La narratrice de Delporte appréhende les objets familiers avec curiosité, les élevant même au-dessus des mots et des dessins, qu’elle considère fragiles, éphémères. Ce faisant, elle choisit d’envisager la création littéraire comme une pratique artisanale, imparfaite, qui se doit d’être à la fois réconfortante et utile. Il semble que Delporte ne souhaite plus voir en la littérature une forme d’art hors d’atteinte, mais bien un travail tout aussi beau que bénéfique et ouvert sur le monde. […]
Si l’engouement contemporain pour les études culturelles et interdisciplinaires informe la présence de procédés graphiques et de réflexions sur le genre chez Delporte, c’est aussi que les dessins de l’autrice s’allient à son raisonnement pour créer un art pédagogique, qui « fait savoir »
Ducharme, 2023
Delporte construit en effet une oeuvre de plus en plus féministe, puis ouvertement queer, avec Moi aussi je voulais l’emporter (2017) puis Corps vivante (2022), qui permet de tracer depuis le journal l’évolution de sa pensée intime et politique. Cela va de pair avec une évolution graphique, le dernier titre s’éloignant des codes habituels de la bande dessinée. Elle y présente des suites de dessins, sans texte, puis les textes rebondissent parfois de manière surprenante, sans forcément qu’il y ait de lien net avec les dessins, une pratique qu’elle assume. Elle explique :
Corps vivante, c’est vraiment des dessins que je commence sans savoir où ils vont. Il y a un truc méditatif. […] Pour cet album, j’ai écrit le texte et fait les dessins séparément, mais sur une même période. Souvent, je travaillais le texte le matin, pendant deux-trois heures. Et si j’avais de l’énergie, je dessinais l’après-midi. Mais je ne savais pas forcément quel dessin irait avec quel texte
Loire, 2023
Très libre dans son approche créatrice, Delporte a obtenu plusieurs succès d’estime, mais aussi auprès du public, Moi aussi je voulais l’emporter étant considéré comme une des bonnes ventes de l’éditeur pour ce type d’ouvrages (Rannou, 2023). Bien défendu par son autrice, qui n’hésite pas à participer à des tournées en librairie et à des festivals quand paraissent ses ouvrages, il a obtenu un bel accueil des deux côtés de l’Atlantique et fait de Delporte une des voix importantes de la bande dessinée contemporaine québécoise. Différents signaux peuvent consacrer cette place, tels que la présence assidue de l’autrice au Festival de la bande dessinée de Montréal (attestée au moins dix fois depuis 2012[5]), la sélection à plusieurs prix réservés aux auteurs et autrices du Québec (Bédélys, Bédéis Causa, Grand Prix du livre de Montréal, etc.) ou l’invitation, en janvier 2023, à participer à une table ronde sur « Une certaine bande dessinée québécoise » au Festival international d’Angoulême, en compagnie de figures tutélaires, comme Julie Doucet (alors présidente), Obom, Siris et Marc Tessier. Elle y incarne alors la voix de la jeune génération québécoise post-2000 face à des auteurs et à des autrices ayant amorcé leur carrière dans la seconde moitié des années 1980. Une belle évolution pour celle qui, en 2005, était une Française expatriée ne s’imaginant pas vraiment en droit de se penser dessinatrice.

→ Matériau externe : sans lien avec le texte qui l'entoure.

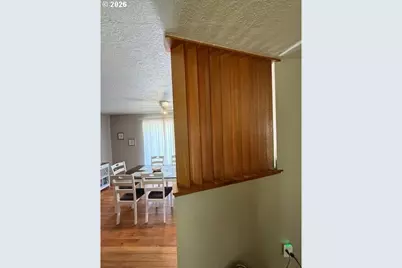 1060 NW 107th Ave, Portland, OR 97229 - Photo 12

Mirion Malle : une transformation québécoise
Le parcours de Mirion Malle présente un certain nombre de points communs avec celui de Julie Delporte, mais en diffère à plusieurs égards. Née en 1992, elle se fait elle aussi connaître par son blogue et publie également ses premiers titres vers 2013-2015, mais elle est évidemment nettement plus jeune à la parution. C’est avec son site Commando culotte, qui décrypte la culture populaire sous un angle féministe, qu’elle obtient son premier succès. Drôles et didactiques, les planches sont publiées en album alors qu’elle est encore étudiante, passant de Paris à Bruxelles. Ce transfert géographique s’accompagne d’ailleurs d’un transfert artistique puisqu’elle passe du théâtre, qu’elle étudiait alors, à des études à plein temps sur la bande dessinée. Mirion Malle n’a pas d’attache québécoise, mais affirme avoir été marquée, à l’adolescence, par la découverte de cette francophonie inconnue d’elle lors d’un spectacle de Wajdi Mouawad. Si elle n’est plus une grande admiratrice de ce dramaturge, celui-ci a forgé son premier contact avec le Québec. Mirion Malle visite une première fois le Québec grâce à une bourse artistique accordée par la Belgique francophone, puis y retourne pour réaliser des ateliers lors d’un colloque féministe à l’Université du Québec à Montréal (UQAM) en 2015. Elle profite alors de l’occasion pour rester tout l’été et réfléchir à un plan pour s’y établir : ce sera en s’inscrivant à la maîtrise en études de genre dont la deuxième année peut se faire au Québec. À partir de là, elle cherche à rester sur le territoire, notamment en étudiant le cinéma, un autre point commun avec Delporte, même si, comme elle, elle ne fera jamais carrière dans ce domaine (Entretien avec Mirion Malle, 2023).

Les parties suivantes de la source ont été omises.